The inlining heuristics are pretty good at their job. We should prefer not to adjust them until observing evidence that they aren't sufficient for a specific case, and to not adjust them ahead of time off of "inlining is probably outsizedly beneficial here" vibes. In the typical case, the optimizer knows more accurately than you when stuff should be inlined. (Not always! Which is why the hints exist. But usually.)

@CAD97 Since you also asked your question about compiler flags in the irlo thread, I replied to it there. The short answer is that no, I am not using -Zshare-generics or similar, just the standard rustc v1.70 stable configuration.

The code is public, I will extract some reproducers of pathological behavior once I have something better than a cellphone at hand. I guess I should rather post these on irlo than here, since they are probably not of particular interest to an ndarray audience.

Regarding the wisdom of applying #[inline] directives eagerly before benchmarking, I started from the viewpoint that you describe (let the optimizer do its job), but have gradually shifted away from it and towards more proactive inlining over time due to overly frequent inlining issues in my rust projects.

If rustc wants me to trust it, it will need to get good enough to earn my trust, right now it's unfortunately not quite there yet in the presence of multiple crates and multiple codegen units, the latter of which is both the default configuration (i.e. what my users will see unless they or I do something to change it) and highly preferable for compile times (i.e. not something I would like to change myself if I can avoid to).

commented

There's a bunch of method calls used used between ArrayViewMut::split_at and RawViewMut::split_at that look like small methods that should be #[inline].
However the main logic is implemented in RawArrayView::split_at and is larger than my gut feeling threshold for inline, I'm not sure if it should be marked. Have you tried, do you know if it actually improves if you do this? I think I could be brought onboard with that change, there's a lot of bounds checking that can probably be removed after inlining.
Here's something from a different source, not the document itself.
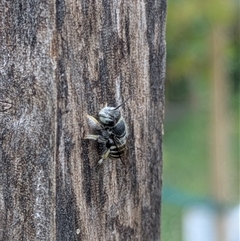 Megachile (Eutricharaea) macularis at Lyneham, ACT - 9 Jan 2025 07:33 PM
In my opinion, caller-side inline directives

It's not really the same thing but I think it's fun and I want to share the information: we have definition-side inline directives on closures and that almost looks like caller side. I've experimented with using those instead of macro based unrolling (matrixmultiply). It looks like this in use: foo(#[inline(always)] |x| x + 1) and it has effect. The cumulative effect of foo(#[inline(always)] |x| f(x)) is not something I have considered before, but since inlining is bottom-up it could maybe work(?) to force the call to f to be inlined.
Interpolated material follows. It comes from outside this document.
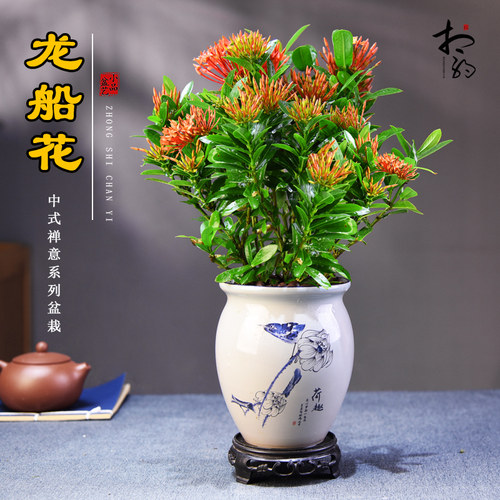 龙船花木本花卉书房客厅办公桌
There's a bunch of method calls used used between ArrayViewMut::split_at and RawViewMut::split_at that look like small methods that should be #[inline].
However the main logic is implemented in RawArrayView::split_at and is larger than my gut feeling threshold for inline, I'm not sure if it should be marked. Have you tried, do you know if it actually improves if you do this? I think I could be brought onboard with that change, there's a lot of bounds checking that can probably be removed after inlining.
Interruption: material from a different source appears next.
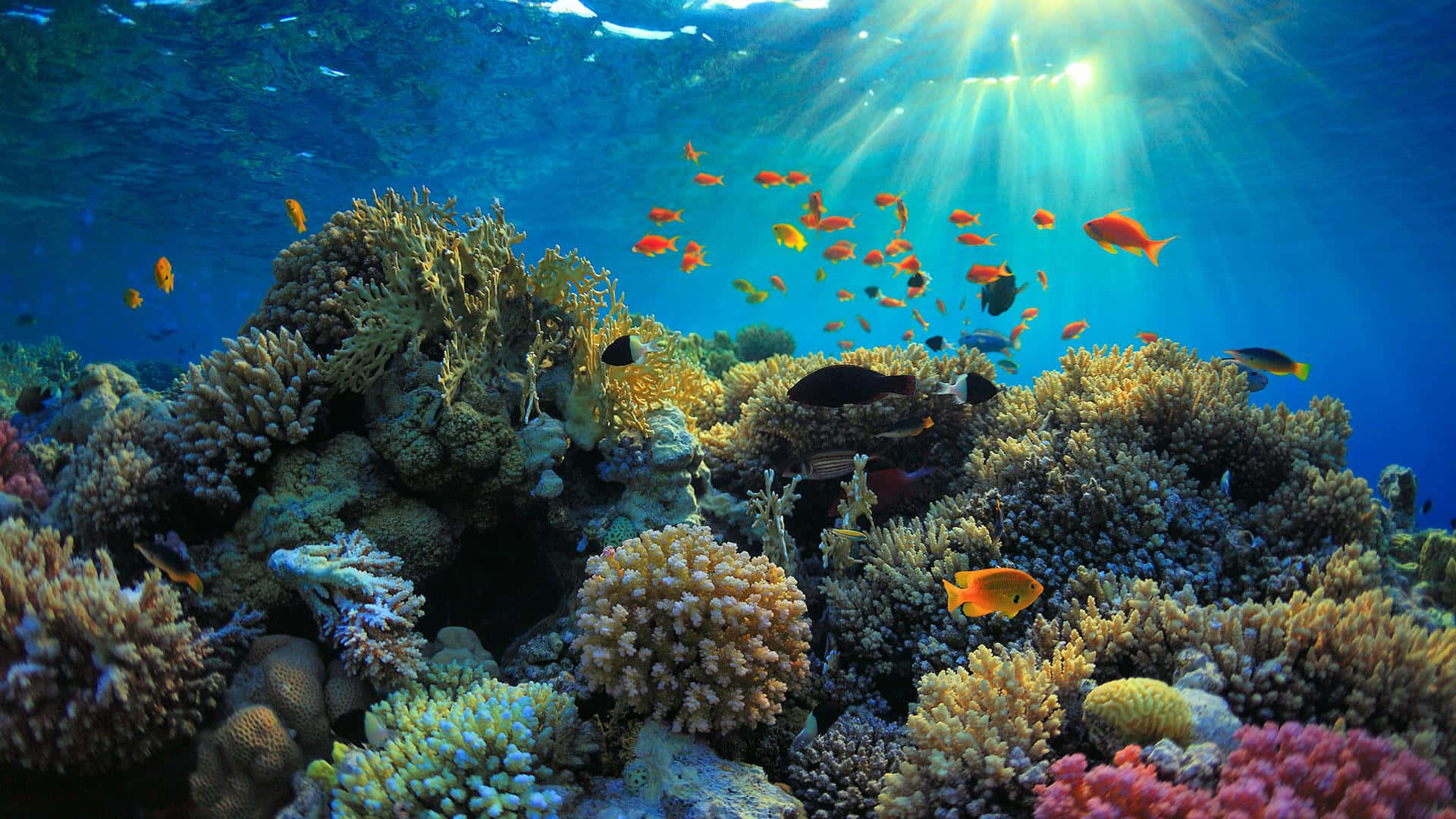 海洋 桌布 壁紙 — 陽光穿過碧綠海水，照亮了充滿色彩繽紛熱帶魚的 vibrant 珊瑚礁。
In my use case, it was specifically ndarray::impl_views::splitting::<impl ndarray::ArrayBase<ndarray::ViewRepr<&mut A>,D>>::split_at aka ArrayViewMut::split_at that failed to inline, most likely because it was the one that I called across a crate boundary. The inlining of lower-level functions transitively called by that function worked just fine.

It's not really the same thing but I think it's fun and I want to share the information: we have definition-side inline directives on closures and that almost looks like caller side. I've experimented with using those instead of macro based unrolling (matrixmultiply). It looks like this in use: foo(#[inline(always)] |x| x + 1) and it has effect. The cumulative effect of foo(#[inline(always)] |x| f(x)) is not something I have considered before, but since inlining is bottom-up it could maybe work(?) to force the call to f to be inlined.

As far as I understand inlining directives, this would only force rustc to inline the closure, and not the other functions transitively called by the closure. But maybe @CAD97 can comment on this.